Mr Makaev says that a new law, which came into force in 2007, makes it virtually impossible for small businessmen like him to operate. He cannot hire staff without paying punishing taxes.
He says that the tax system is so designed, that 90% of entrepreneurs end up having to break the law or go out of business.
"Belarus is closed for business," he says. "Everything is designed according to a vertical power structure. The biggest businessman in this country is Mr Lukashenko himself, and you need to know how to cut a deal with him."
But the Stotz Farm tells a different story. Around 20km outside Minsk, this former collective farm is now owned by a German company. There are 800 head of cattle, 5000ha (12,000 acres) of arable land.
But most of the company's profits come not from producing milk or wheat, but from selling state of the art German farm equipment - tractors and combine harvesters - on the Belarussian market.
Andrei Haibullin, the company's director, says that the Belarussian authorities are making a real effort to improve the climate for foreign investors.
"In the past six months, the demands made on our company by the government and other regulatory bodies have significantly decreased," he said.
"More and more often, we find the government coming to us and offering their help."
At the end of April, Alexander Lukashenko visited Rome. He was received in the Vatican by the Pope himself. It was his first official trip to the European Union since 1995, after Brussels suspended its travel ban and other sanctions.
But Sergei Martynov, the Belarussian foreign minister denies that the changes under way in his country are in any way the result of European pressure.
"Belarus is changing and Belarus is a changing society," he said. "But Belarus is undergoing all these changes not to please the European Union or anyone else.
"We are doing what we do because of the requirements of our own society."
The vast bulk of the Belarussian economy is still controlled by the state.

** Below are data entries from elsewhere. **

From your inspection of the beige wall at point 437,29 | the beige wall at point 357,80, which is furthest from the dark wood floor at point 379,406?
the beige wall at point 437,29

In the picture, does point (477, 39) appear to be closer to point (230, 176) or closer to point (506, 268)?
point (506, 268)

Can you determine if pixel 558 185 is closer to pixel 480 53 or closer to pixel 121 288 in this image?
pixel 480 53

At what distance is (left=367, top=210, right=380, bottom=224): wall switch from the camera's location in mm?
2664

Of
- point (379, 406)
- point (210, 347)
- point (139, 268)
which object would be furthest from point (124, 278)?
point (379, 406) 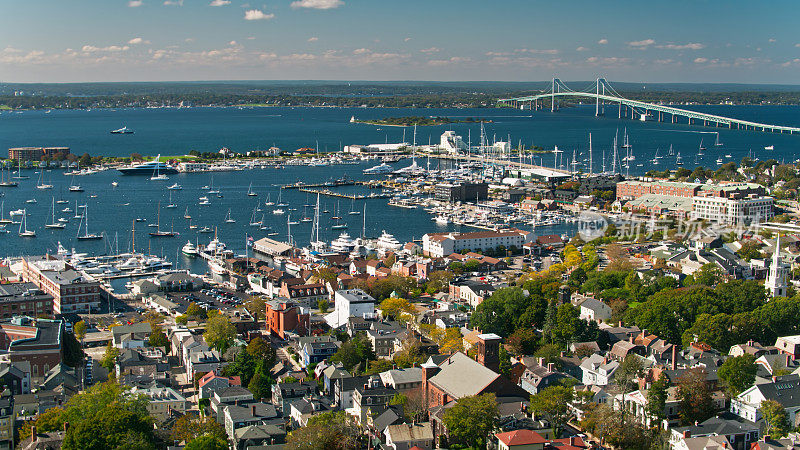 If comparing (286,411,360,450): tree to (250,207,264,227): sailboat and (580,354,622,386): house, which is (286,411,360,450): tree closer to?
(580,354,622,386): house

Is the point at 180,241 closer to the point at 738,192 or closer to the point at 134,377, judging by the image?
the point at 134,377

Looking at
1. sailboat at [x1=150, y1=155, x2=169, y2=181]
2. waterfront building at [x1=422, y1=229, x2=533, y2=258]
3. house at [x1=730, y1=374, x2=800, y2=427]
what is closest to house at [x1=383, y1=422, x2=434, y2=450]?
house at [x1=730, y1=374, x2=800, y2=427]

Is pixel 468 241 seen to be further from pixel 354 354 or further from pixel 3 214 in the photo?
pixel 3 214

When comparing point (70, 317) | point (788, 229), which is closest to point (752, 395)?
point (70, 317)

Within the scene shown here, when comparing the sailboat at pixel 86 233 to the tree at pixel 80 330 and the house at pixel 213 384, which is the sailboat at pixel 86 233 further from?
the house at pixel 213 384

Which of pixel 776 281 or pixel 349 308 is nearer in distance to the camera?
pixel 349 308

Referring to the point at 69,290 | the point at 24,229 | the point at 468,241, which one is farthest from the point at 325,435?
the point at 24,229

During the 1990s, as other former Soviet States like Russia and Ukraine underwent the "shock therapy" of rapid and large scale privatisation, Belarus remained almost entirely closed.
But now, says Mr Martynov, Belarus is ready for change.
"Now we are a much more confident economy, and we are opening up. We are not going to do it in a garage sale manner," he says.
"We are going to negotiate tough on each and every asset, and we are going to do only those kinds of sales which will be profitable."
As Minsk and Brussels move closer together, relations with the Kremlin have soured.
Large-scale Russian subsidies are beginning to dry up, and Alexander Lukashenko has been forced to look for other sources of income.
The Belarussian opposition believes, however, that the current reforms are cosmetic.
Andrei Sannikov, a former deputy foreign minister, says that the EU is being hasty in rehabilitating Mr Lukashenko.
"He badly needs money," he says.
"He needs investment. He knows that Russia is not providing the amounts that it used to provide to him, so he doesn't want to change anything here, but he does want to use this new policy of the European Union to improve his own financial situation, to strengthen his regime."
But if Brussels wants to pull Belarus out of Moscow's orbit, it will take more than economic investment. In military terms, Russia and Belarus remain close.
In February the two countries signed a joint air defence pact, raising the possibility of Russian missile systems being deployed on Belarussian soil.
In many ways, Belarus feels like a time capsule, a place where International Labour Day still draws crowds; where old Soviet habits are proving very resistant to change.
Some of those habits will become obstacles on the path towards democracy and European integration.